NASA’s Imaging X-Ray Polarimetry Explorer (IXPE) telescope has sent its first image back to Earth, and it shows the remains of a star that exploded in the 17th century.
The space-based observatory launched on December 9, 2021 from Cape Canaveral, Florida on a SpaceX Falcon 9 rocket to low Earth orbit.
It spent the past month calibrating instruments, and preparing to observe a supernova remnant (SNR) in the constellation Cassiopeia, called Cassiopeia A.
This is the remains of a giant star that exploded in the 17th century, with shockwaves sweeping up surrounding gas and heating it to high temperatures, that generate rapid cosmic ray particles producing a bright glow in X-ray light.
IXPE joins the Chandra X-ray telescope, one of NASA’s great space observatories, that launched in 1999, to study different aspects of the X-ray spectrum.

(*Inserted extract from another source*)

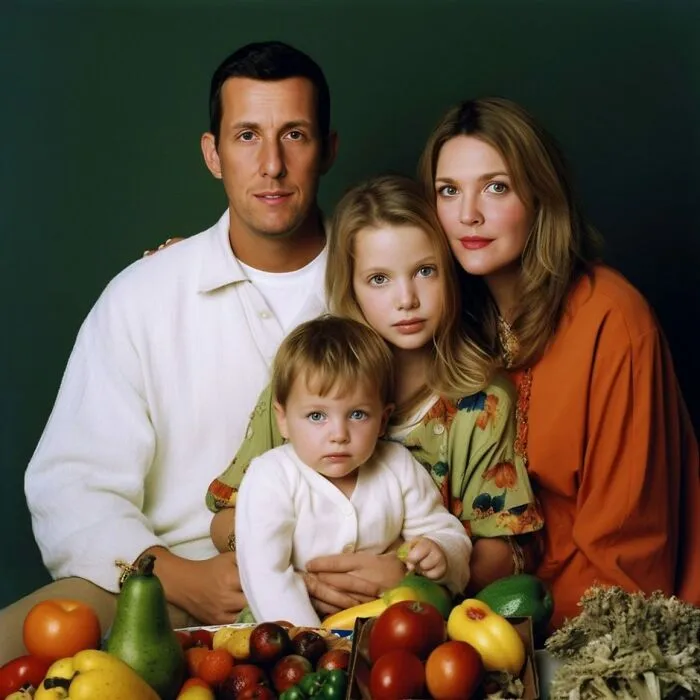 Adam Sandler And Drew Barrymore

This is the remains of a giant star that exploded in the 17th century, with shockwaves sweeping up surrounding gas and heating it to high temperatures, that generate rapid cosmic ray particles producing a bright glow in X-ray light
It spent the past month calibrating instruments, and preparing to observe a supernova remnant (SNR) in the constellation Cassiopeia, called Cassiopeia A
A joint effort between NASA and the Italian Space Agency, IXPE is the first space observatory dedicated to studying the polarization of X-rays coming from objects like exploded stars and black holes – this is how light is orientated as it travels.

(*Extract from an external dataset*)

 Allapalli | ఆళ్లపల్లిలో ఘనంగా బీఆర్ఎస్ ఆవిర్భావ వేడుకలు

The new image, released by NASA in time for Valentines Day, has the IXPE data shown as a magenta ball, overlaid with data from the Chandra, shown in blue.
The saturation of the magenta color corresponds to the intensity of X-ray light observed by IXPE, and the blue shows high-energy X-ray data.
This is a heat map made of the supernova remnant, created using data from IXPE
Chandra and IXPE, with different kinds of detectors, capture different levels of angular resolution, or sharpness – giving astronomers and astrophysicists greater levels of detail, to better explore these unusual phenomena.
After Chandra launched in 1999, its first image was also of Cassiopeia A, one of the brightest X-ray objects in the constellation of Cassiopeia.
The image captured by Chandra revealed that there was a compact object in the center of the supernova remnant – likely a black hole or neutron star.
These objects, along with the clouds of bright gas and dust, are the remains of a massive star that reached the end of its usable life.
This image shows Cas A as seen by NASA’s Chandra X-ray Observatory. Chandra and IXPE, with different kinds of detectors, capture different levels of angular resolution, or sharpness – giving astronomers and astrophysicists greater levels of detail, to better explore these unusual phenomena
The space-based observatory launched on December 9, 2021 from Cape Canaveral, Florida on a SpaceX Falcon 9 rocket to low Earth orbit
Also known as Cas A, the massive star that shed its outer layers, forming the X-ray cloud, blew itself apart about 350 years ago, 11,090 light years away.
Supernovae are filled with magnetic energy and accelerate particles to near light-speed, making them laboratories for studying extreme physics in space.
‘The IXPE image of Cassiopeia A is as historic as the Chandra image of the same supernova remnant,’ said Martin C. Weisskopf, the IXPE principal investigator based at NASA’s Marshall Space Flight Center in Huntsville, Alabama.
‘It demonstrates IXPE’s potential to gain new, never-before-seen information about Cassiopeia A, which is under analysis right now.’
A key measurement that scientists will make with IXPE is called polarization, a way of looking at how X-ray light is oriented as it travels through space.
The polarization of light contains clues to the environment where the light originated. IXPE’s instruments also measure the energy, the time of arrival, and the position in the sky of the X-rays from cosmic sources.
‘The IXPE image of Cassiopeia A is bellissima,’ said Paolo Soffitta, Italian principal investigator for IXPE at the National Institute of Astrophysics (INAF) in Rome.
‘We look forward to analyzing the polarimetry data to learn even more about this supernova remnant,’ the researcher added.
“Measuring X-ray polarization is not easy,” said Weisskopf. “You have to collect a lot of light, and the unpolarized light acts like background noise. It can take a while to detect a polarized signal.”
The data IXPE is gathering of Cassiopeia A, will allow scientists to see how polarization varies across the supernova remnant.
It is about 10 light years in diameter, which is more than twice the distance between Earth and our nearest stellar neighbour, Proxima Centauri.
Researchers are currently working with the data to create the first-ever X-ray polarization map of the object.
This will reveal new clues about how X-rays are produced at Cassiopeia A.
‘IXPE’s future polarization images should unveil the mechanisms at the heart of this famous cosmic accelerator,’ said Roger Romani, IXPE co-investigator at Stanford University.
‘To fill in some of those details, we’ve developed a way to make IXPE’s measurements even more precise using machine learning techniques. We’re looking forward to what we’ll find as we analyze all the data.’